While it does seem that most governments would prefer to see a strong climate agreement reached in Copenhagen, they recognize that due to serious conflicts, that might not happen. Consequently, they are preparing for a storm of finger-pointing. At an earlier press conference, negotiators for the European Union griped about a move by China and developing nations to block a wide-ranging discussion of emissions reductions, including their own. (China and the others would like to stick with the 1997 Kyoto Protocol, which didn’t subject them to reduction targets.) This was “disappointing,” Anders Turesson, the Swedish climate negotiator said, suggesting it would thwart progress at Copenhagen. Meanwhile, Lumumba Stanislaus Di-Aping, the Sudanese chairman of the Group of 77, the world’s poorer nations, assailed the United States and European Union for being stingy by only offering $10 billion annually in climate change funds for less developed countries. “Ten billion dollars is not enough to buy us coffins,” he groused. (And Tuvalu, an island nation in the Pacific, walked out of the proceedings on Wednesday, expressing concern that Copenhagen would not produce a legally binding treaty.)

So China and other developing nations (such as India, Brazil and Indonesia) say it’s up to the United States and its fellow industrialized countries to make a deal work—by going first in adopting serious reductions and by ponying up money. (“They need to add a zero,” one delegate said.) And the United States and the Europeans insist an agreement is only possible if China, India and the others climb aboard the Reductions Express.

At the press briefing, Stern showed that he knows stats about Chinese emissions as well as he knows stats about American emissions. He observed that by 2020, China’s emissions will top those from the United States’ by 60 percent, and then by 80 percent in 2030. In ten years, he added, China will be responsible for 28 percent of the world’s total greenhouse gas pollution. “Our emissions are pretty much flattening and then will go down,” Stern said. “You just have to do the math…We can’t get the reductions we need globally if China is not a major player.” Even though China and other developing countries have proposed reductions—in China’s case, it’s essentially a cut in the pace of its emissions growth—Stern chided these countries for not being willing to incorporate their targets into an international agreement. Other countries, Stern said, need to know that these proposals are “not just a domestic press release.”

Some observers at the summit believe that China and the United States have already reached a deal and much of what is transpiring in Copenhagen is little more than diplomatic theater. Yet members of the US delegation, speaking not for attribution, insist there’s no deal. And they roll their eyes—as if to say, I wish—when asked about this. Stern expects to spend the rest of the conference in intensive negotiating sessions. At the press conference, he noted that the goal now is a political agreement that would “incorporate strong first steps”—which ideally would include immediate commitments for specific actions from all significant emitters and short-term financing for those less developed countries. These actions would supposedly be a precursor to a hard-and-fast treaty. As Stern added, “The last thing we want is a politically binding agreement to substitute for a legally binding treaty.”
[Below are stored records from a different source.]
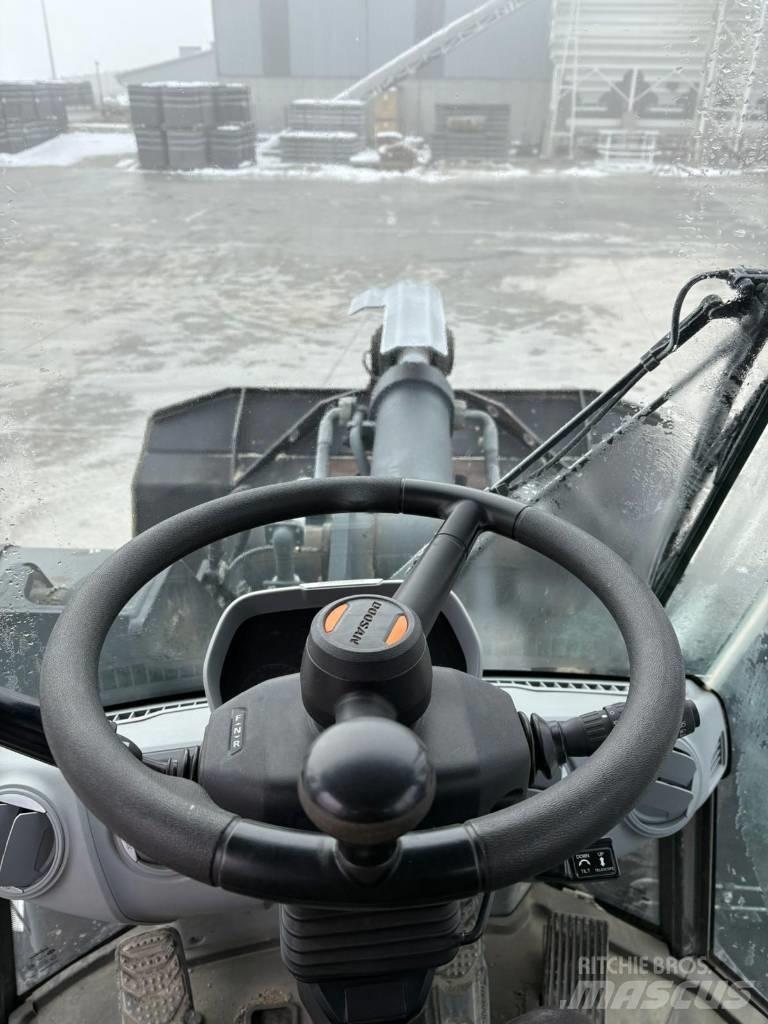 Doosan DL 320-7 Radlader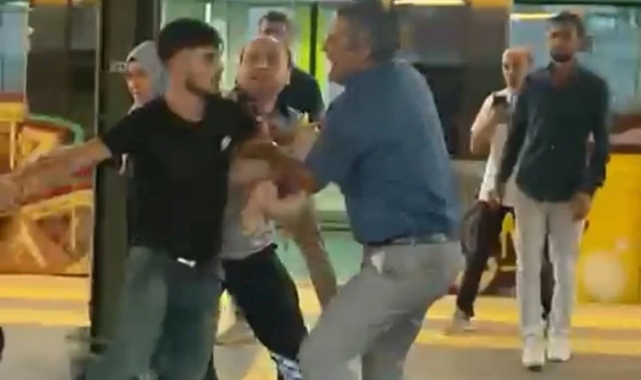 Metro istasyonunda tekme tokat kavga!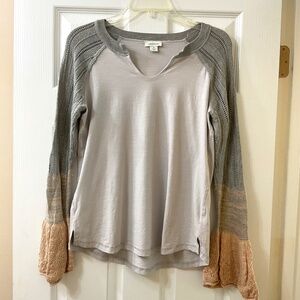 Sundance Cozy Canyon Bell knit sleeve top size medium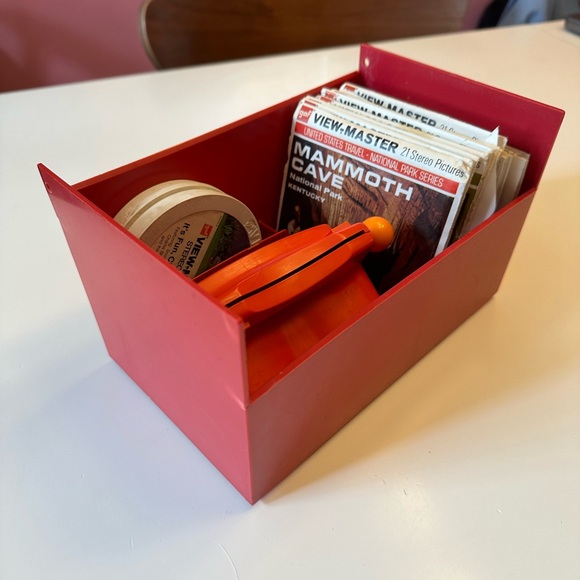 Vintage Red GAF View-Master and Storage Case - Picture 5 of 11
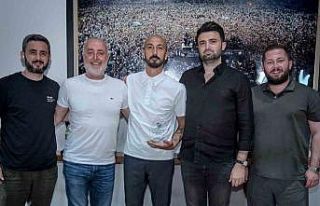 Bursaspor Ahmet İlhan Özek ile yollarını ayırdı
As the hard work of the summit continues, there is more positioning going on than at a contortionist’s convention. With fundamental questions unresolved—particularly the obligations of China and the other major developing nations—it’s quite possible the talks could collapse and yield an orgy of accusation. Thus, the need for governments to fret about Plan B, as in Plan Blame. The real problem is, if such a worst-case scenario does occur, each of the major players will indeed have plenty of cause to point fingers at the others.